Your goal | From the listing below, reproduce exactly the lines starting with the one with "Welcome to CodeInBot." and going on through the one with "Hi everybody, Steve", both ends kept. No picture is copied.

Data extracts |
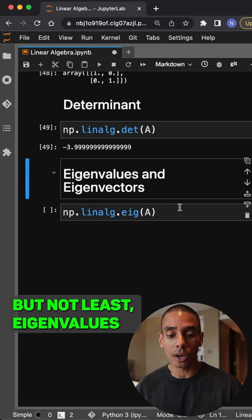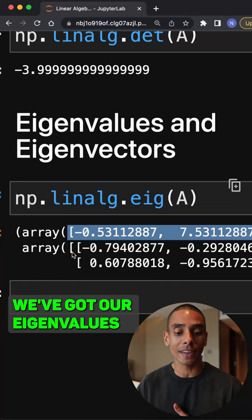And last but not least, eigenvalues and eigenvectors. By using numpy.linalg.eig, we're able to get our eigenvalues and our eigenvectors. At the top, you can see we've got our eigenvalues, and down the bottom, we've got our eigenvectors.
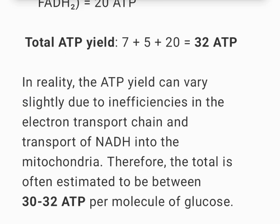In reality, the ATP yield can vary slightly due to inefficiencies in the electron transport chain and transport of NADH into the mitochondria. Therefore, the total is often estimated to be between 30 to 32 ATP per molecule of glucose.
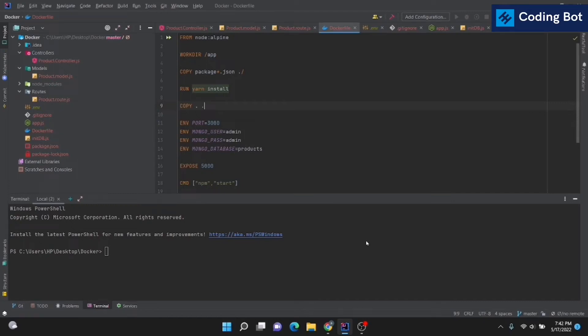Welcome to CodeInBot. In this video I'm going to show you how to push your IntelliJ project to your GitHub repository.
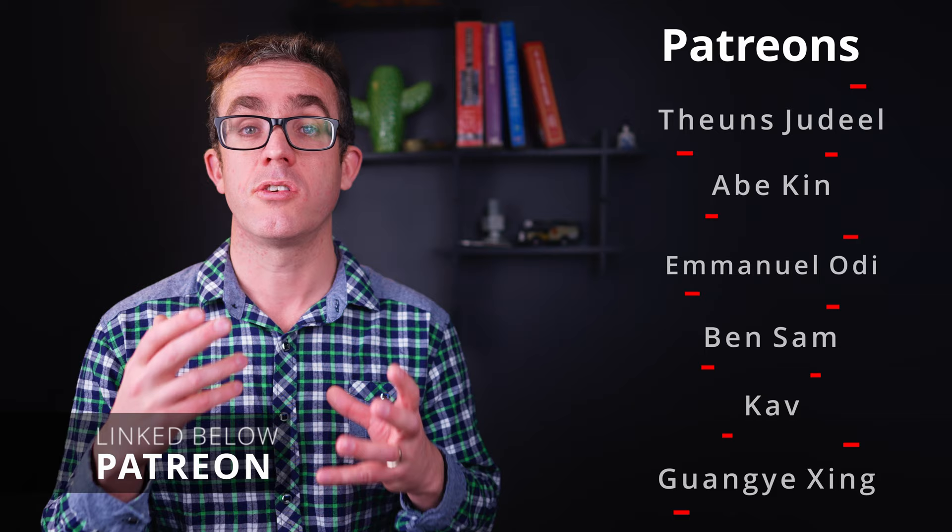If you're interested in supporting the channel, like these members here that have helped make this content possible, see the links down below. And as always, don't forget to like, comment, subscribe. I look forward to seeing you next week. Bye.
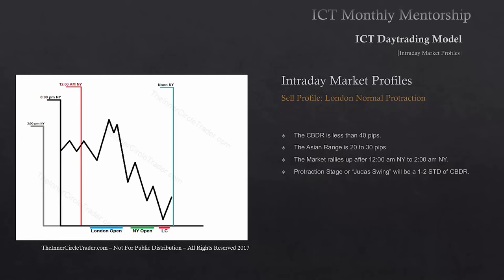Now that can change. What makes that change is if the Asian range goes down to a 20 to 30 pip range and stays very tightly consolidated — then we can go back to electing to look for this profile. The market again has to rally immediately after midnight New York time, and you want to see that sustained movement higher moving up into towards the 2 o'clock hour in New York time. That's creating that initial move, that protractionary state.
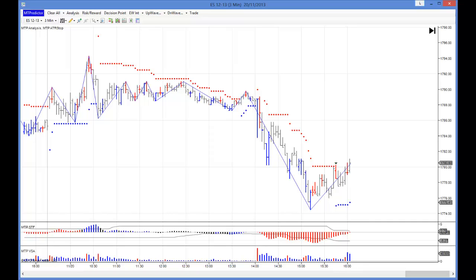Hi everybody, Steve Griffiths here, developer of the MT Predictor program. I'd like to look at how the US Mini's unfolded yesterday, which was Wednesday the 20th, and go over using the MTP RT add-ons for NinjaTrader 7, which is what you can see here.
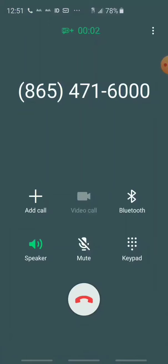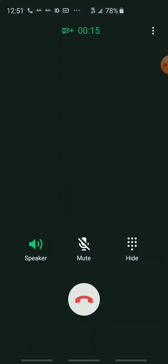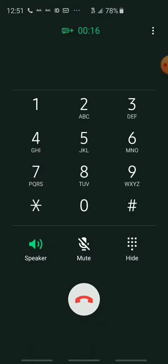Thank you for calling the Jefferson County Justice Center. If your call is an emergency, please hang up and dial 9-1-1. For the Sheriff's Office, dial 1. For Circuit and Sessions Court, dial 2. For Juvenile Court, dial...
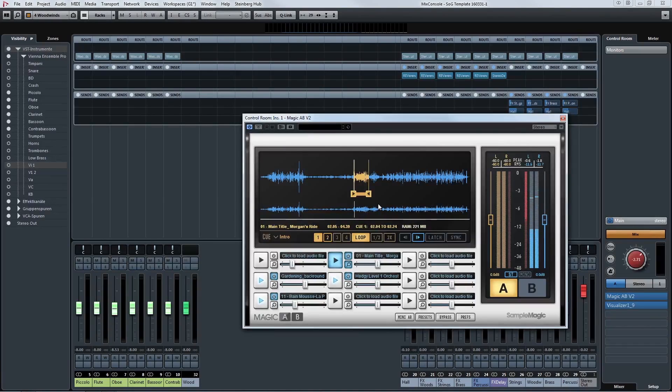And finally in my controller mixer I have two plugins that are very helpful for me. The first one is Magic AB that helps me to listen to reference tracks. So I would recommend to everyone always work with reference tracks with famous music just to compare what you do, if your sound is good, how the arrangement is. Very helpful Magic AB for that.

Result |
Welcome to CodeInBot. In this video I'm going to show you how to push your IntelliJ project to your GitHub repository.
If you're interested in supporting the channel, like these members here that have helped make this content possible, see the links down below. And as always, don't forget to like, comment, subscribe. I look forward to seeing you next week. Bye.
Now that can change. What makes that change is if the Asian range goes down to a 20 to 30 pip range and stays very tightly consolidated — then we can go back to electing to look for this profile. The market again has to rally immediately after midnight New York time, and you want to see that sustained movement higher moving up into towards the 2 o'clock hour in New York time. That's creating that initial move, that protractionary state.
Hi everybody, Steve Griffiths here, developer of the MT Predictor program. I'd like to look at how the US Mini's unfolded yesterday, which was Wednesday the 20th, and go over using the MTP RT add-ons for NinjaTrader 7, which is what you can see here.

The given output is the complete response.